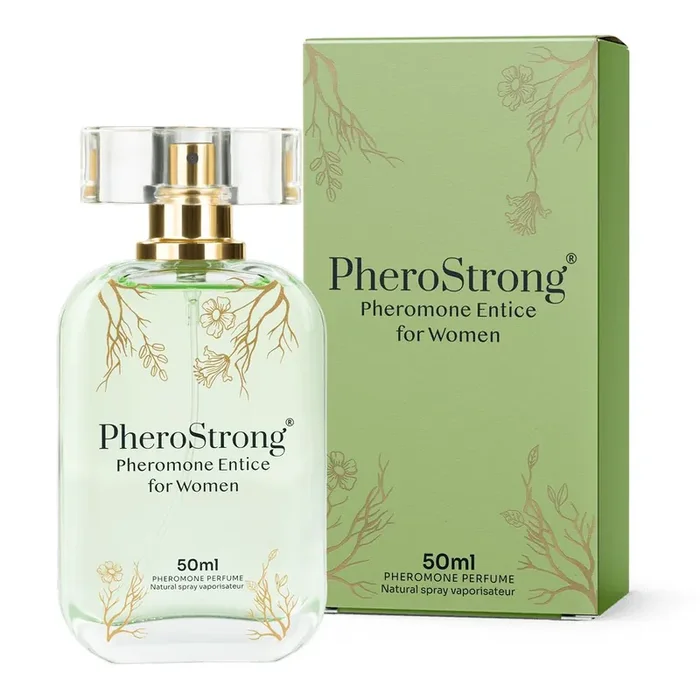 PheroStrong Pheromon-Parfum Entice für Frauen 50ml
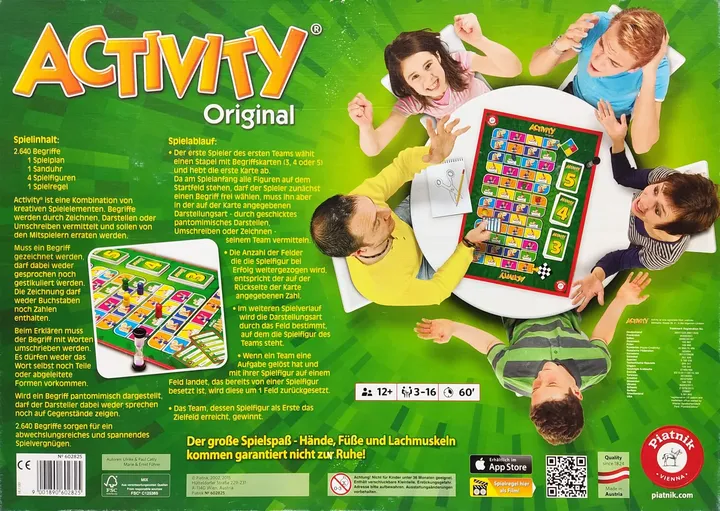 Activity Original - Gesellschaftsspiel - Piatnik  - Bild 2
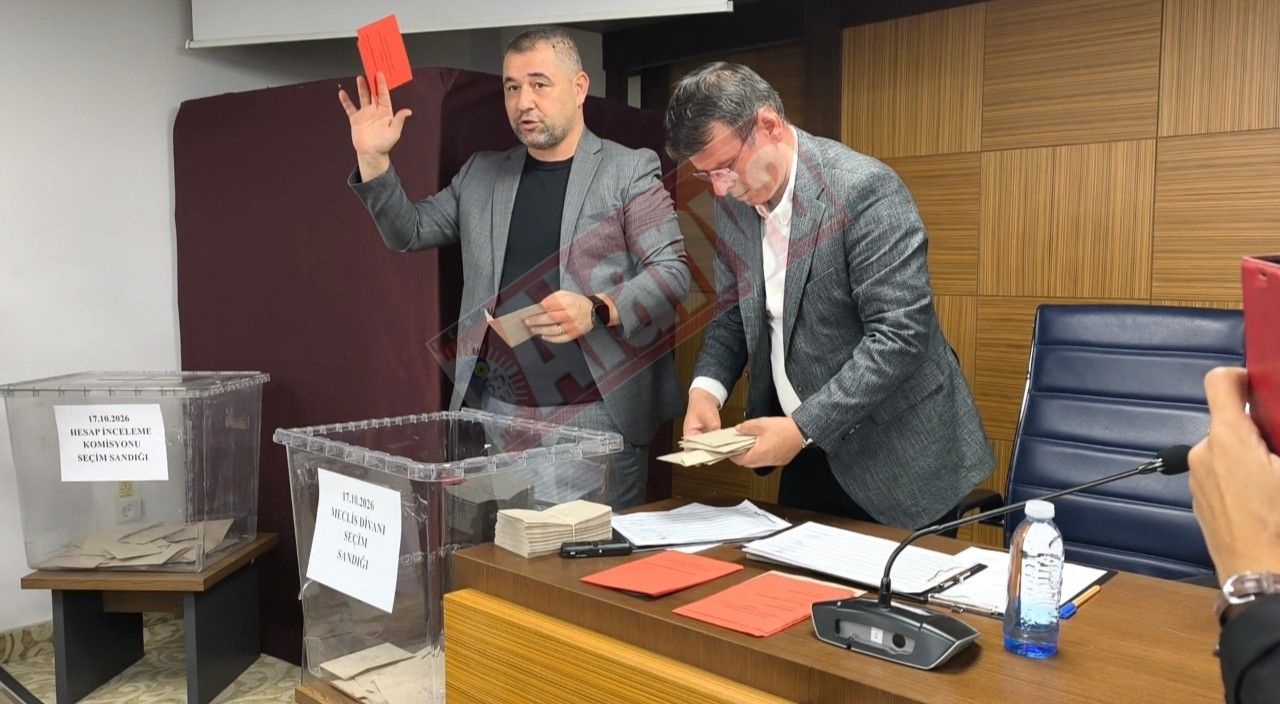 ALTSO meclis divanı ve hesapları inceleme komisyonu oylarının sayımı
☆ ☆ ☆
What is being asked: Exactly as given, transcribe every line of the data, but not its images.

Response below:
 PheroStrong Pheromon-Parfum Entice für Frauen 50ml
 Activity Original - Gesellschaftsspiel - Piatnik  - Bild 2
 ALTSO meclis divanı ve hesapları inceleme komisyonu oylarının sayımı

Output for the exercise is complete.